The chain, a unit of Restaurant Brands International, hopes customers will ask for their food to come in the reusable packages, pay a deposit, and get the money back after they scan used soda cups and burger boxes through an app before returning them.

Burger King worked with waste management firm TerraCycle's Loop unit on a so-called closed-loop system that creates no waste because special packages are repeatedly cleaned and reused. Materials used to make the packaging have not been finalised.

READ: Single-use plastic bags have ‘lower environmental footprint’ compared to paper and cotton bags in cities like Singapore: NTU study

The pilot programme will launch in the second half of 2021 in some Burger King restaurants in New York City; Portland, Oregon; and Tokyo initially.

Restaurant chains have been experimenting with reusable and recyclable materials in response to environmental concerns.

Starbucks and McDonald's co-founded the NextGen Consortium in 2018 to address single-use food packaging, including a competition to design new cups, lids and straws that are more compostable, recyclable and reusable.

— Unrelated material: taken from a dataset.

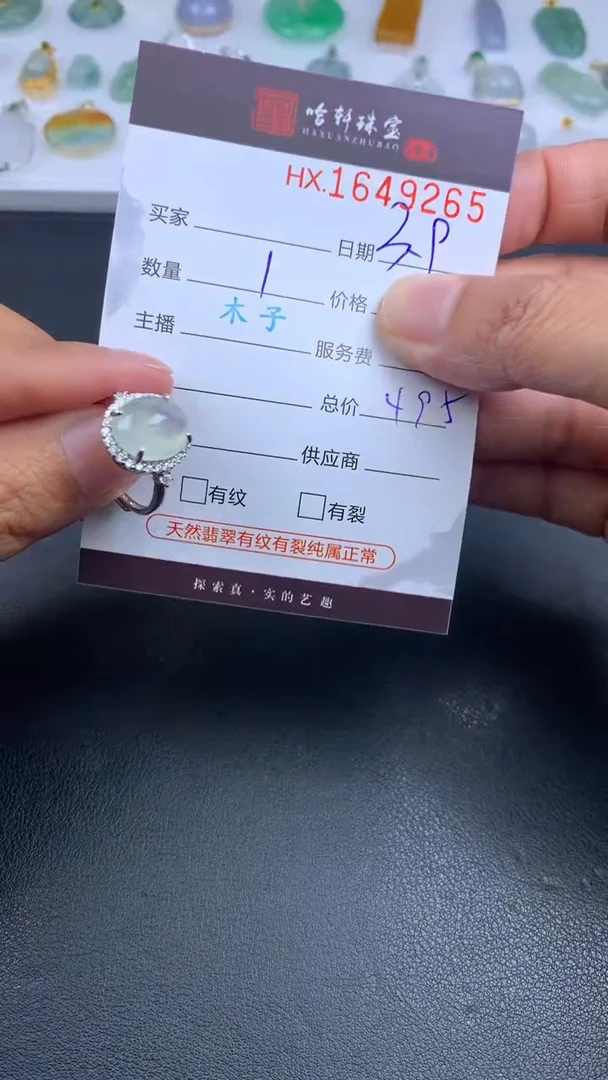 【闪购商品】翡翠挂件未镶嵌哈轩 戒指1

READ: Bring your own containers take a backseat at some eateries amid COVID-19 pandemic

Its aim is to eventually scale up to mass use of such cups.

Burger King said in a statement that its reusable containers would be cleaned with Loop's "state of the art" cleaning systems that are aligned with its own "rigorous safety procedures around cleanliness and hygiene, all of which have become even more pressing during the current pandemic".

Loop's website does not specify what products and processes are used to clean its reusable containers.